Caption-style text data

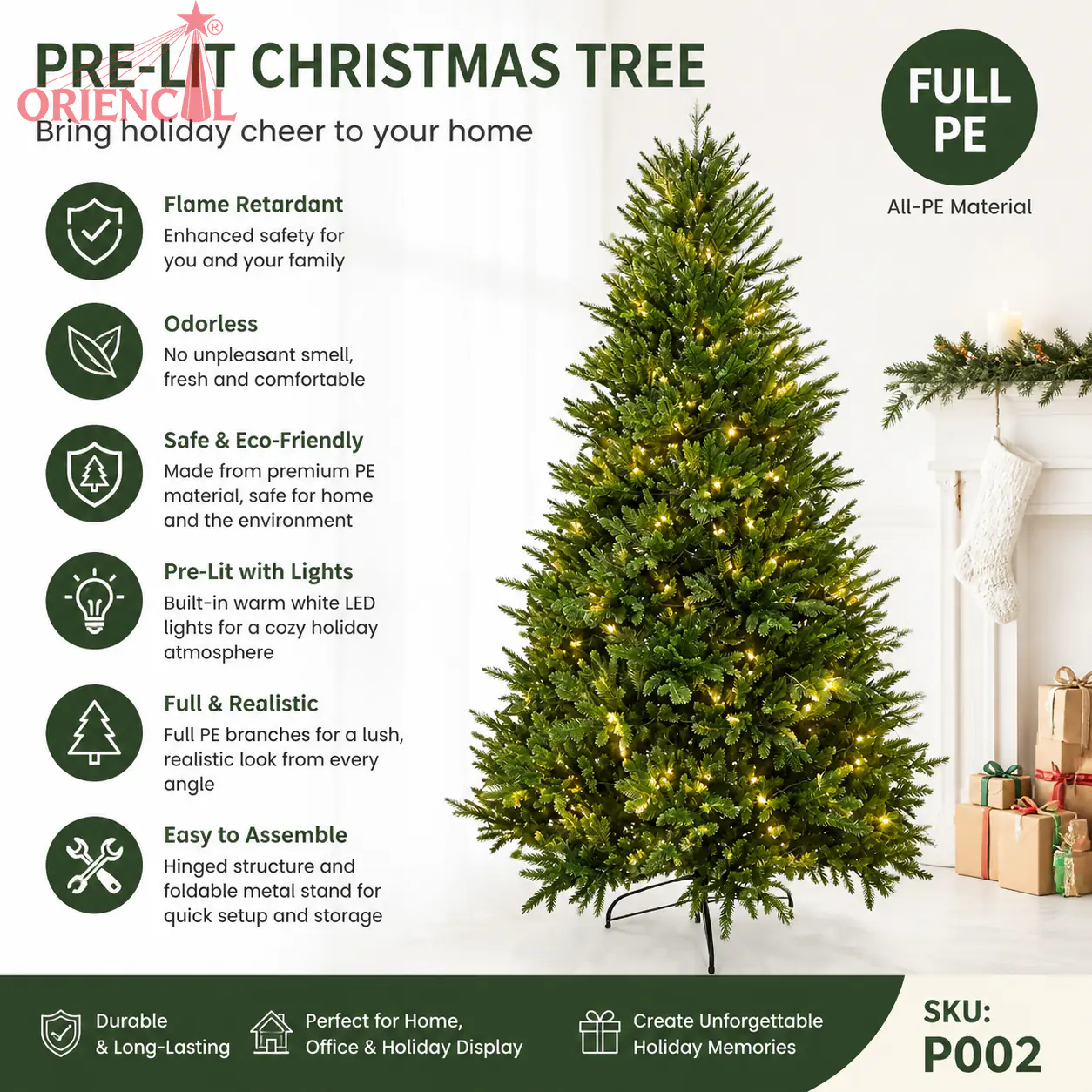 Dense PE Artificial Spruce Christmas Tree, Unlit Full Size, Traditional Indoor Holiday Decor P002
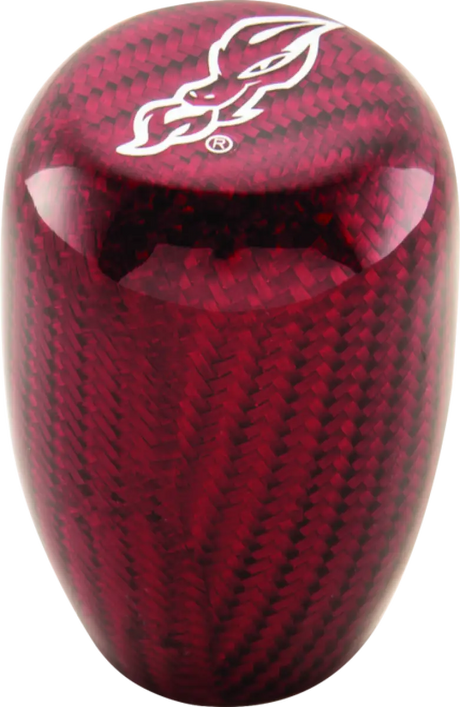 Red carbon fiber DragonFire Racing shift knob for a sleek racing shift knob upgrade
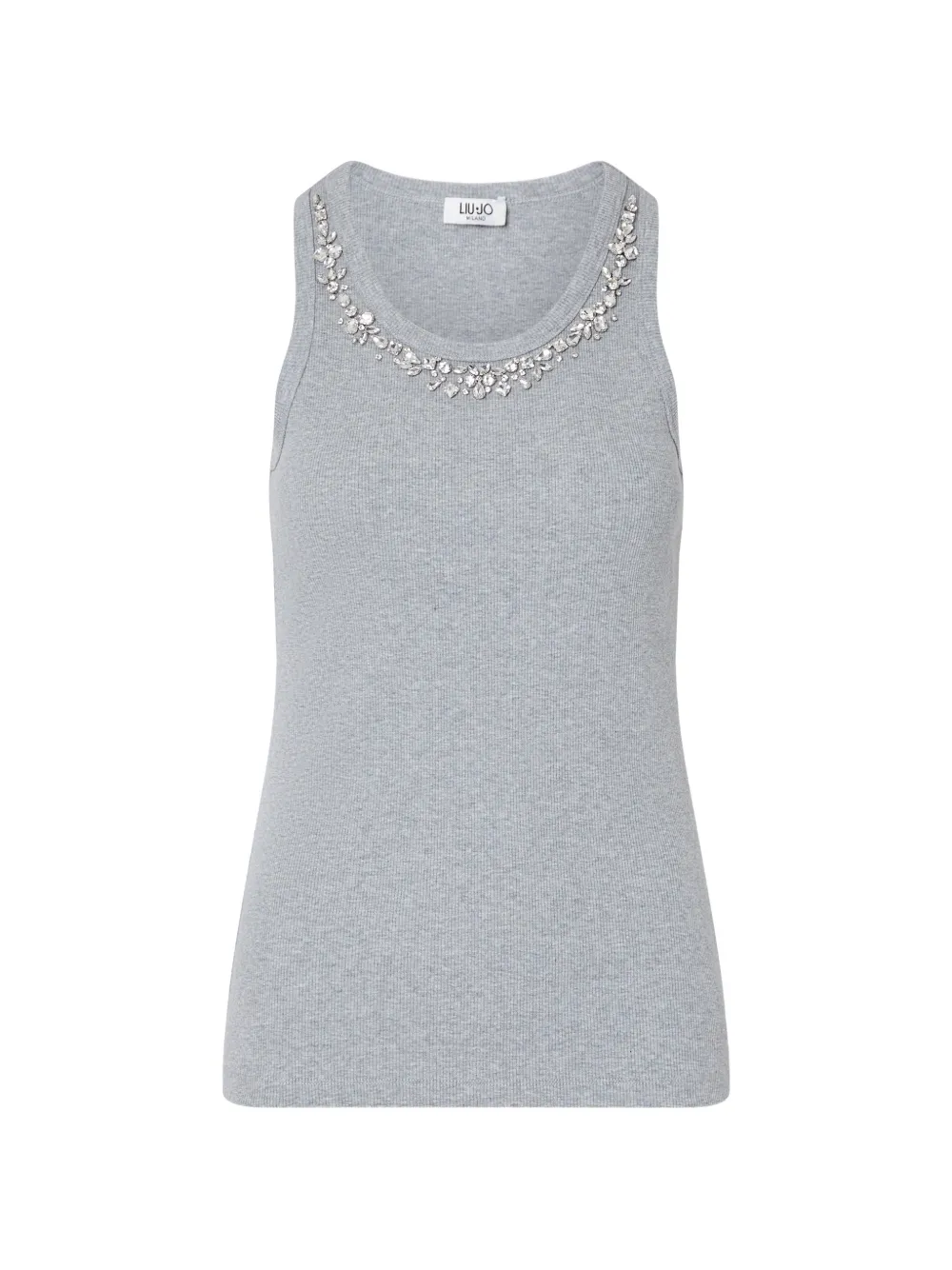 Liu •jo T-shirt With Jewel Decoration In Gray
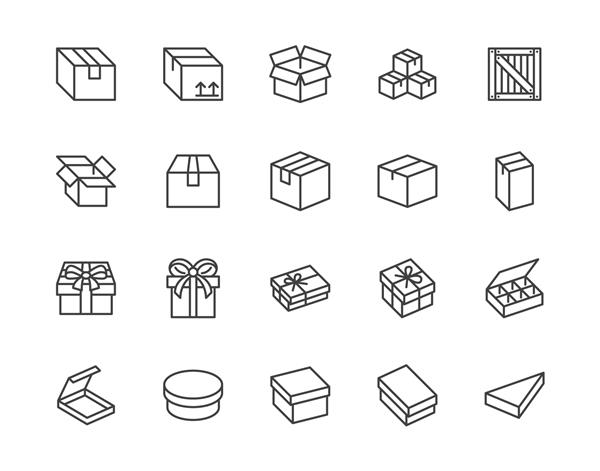 مجموعه آیکون خط تخت جعبه کارتن جعبه های چوبی بسته بندی محصول تصاویر وکتور هدیه علائم طرح ساده برای خدمات تحویل پیکسل عالی Strokes قابل ویرایش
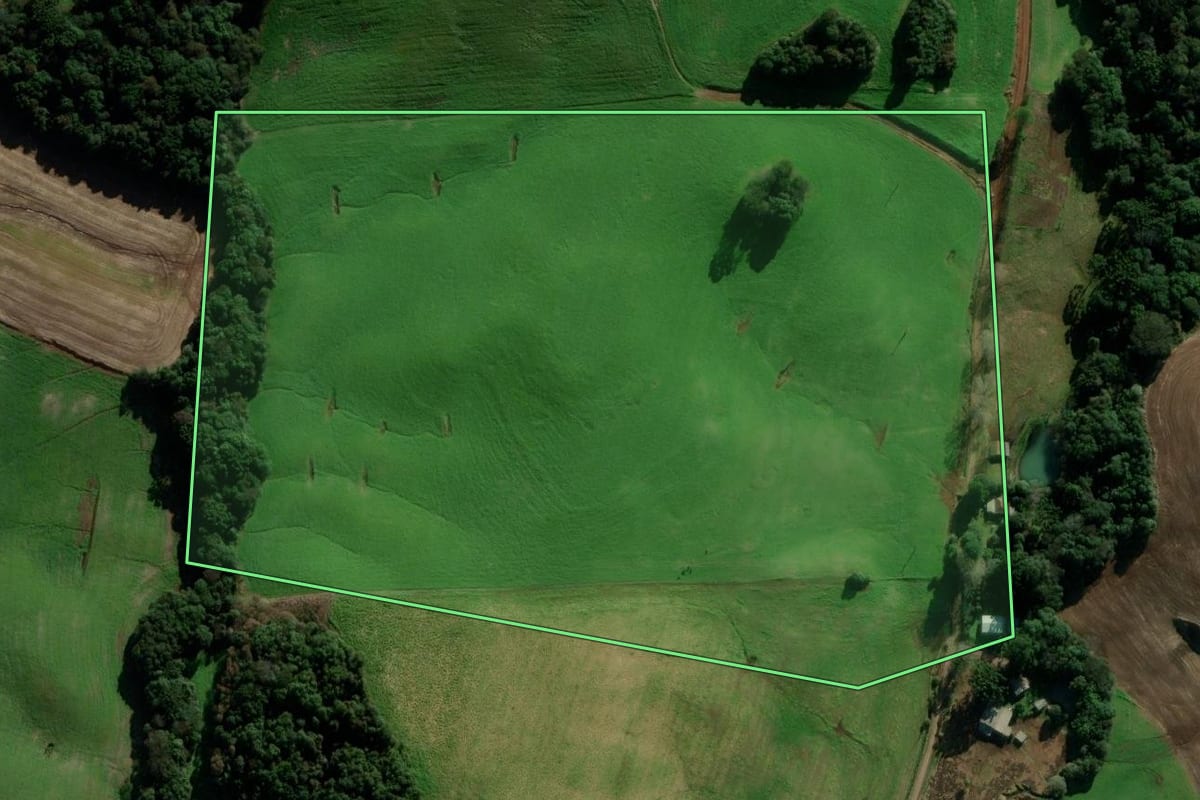 Imagem de satélite do imóvel rural em Sertão (RS), com o contorno declarado no CAR desenhado por cima.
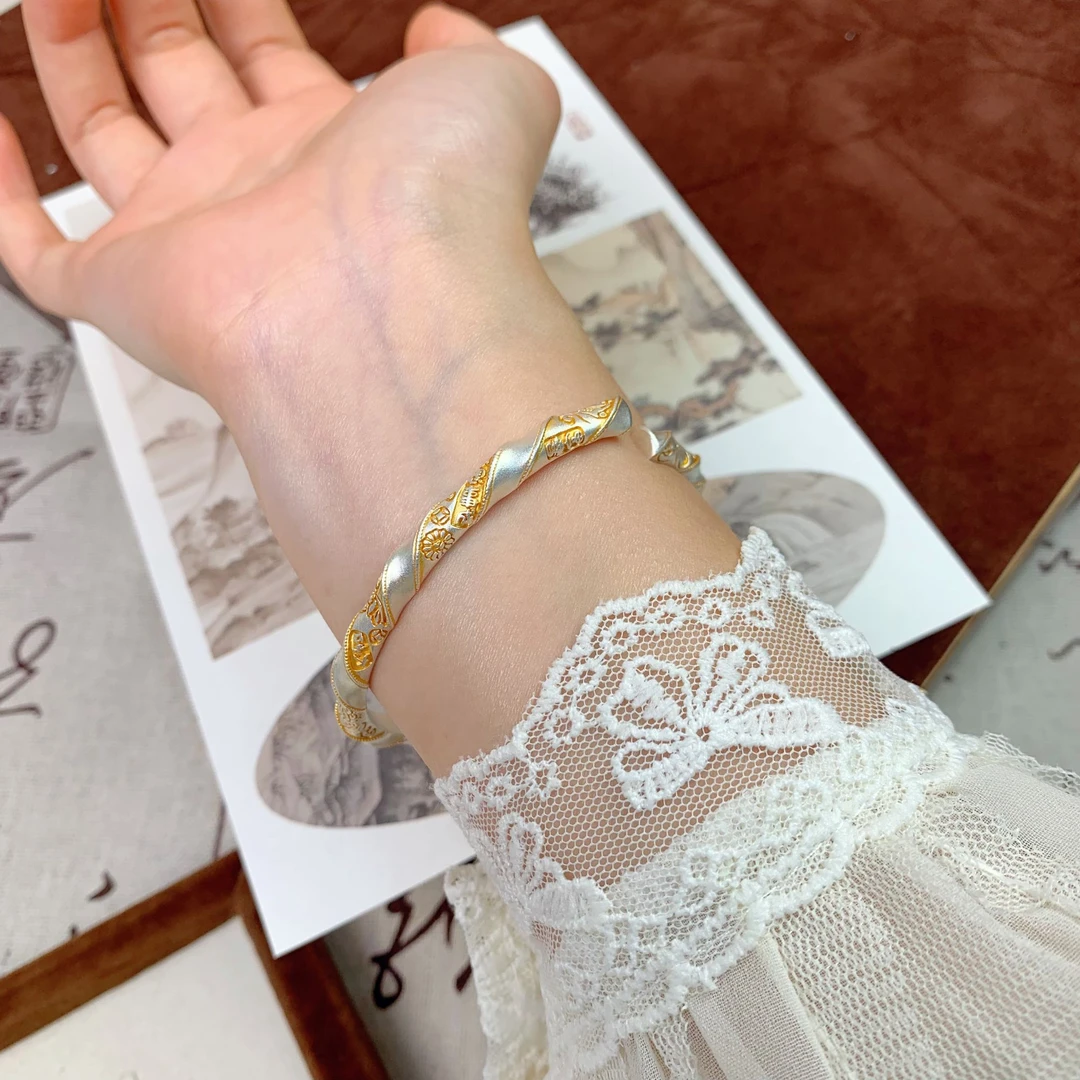 足银手镯 月鲤YUELI银饰 “吉纹缠” 足银999.9 国风手工描金手镯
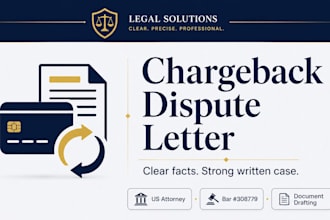 write a powerful chargeback dispute letter as a US attorney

WORK TO BE COMPLETED: Return only the lines running from the top of the data to the line that holds "مجموعه آیکون خط". Include both of those lines, but skip the pictures.

OUTPUT FOR THIS EXERCISE:
 Dense PE Artificial Spruce Christmas Tree, Unlit Full Size, Traditional Indoor Holiday Decor P002
 Red carbon fiber DragonFire Racing shift knob for a sleek racing shift knob upgrade
 Liu •jo T-shirt With Jewel Decoration In Gray
 مجموعه آیکون خط تخت جعبه کارتن جعبه های چوبی بسته بندی محصول تصاویر وکتور هدیه علائم طرح ساده برای خدمات تحویل پیکسل عالی Strokes قابل ویرایش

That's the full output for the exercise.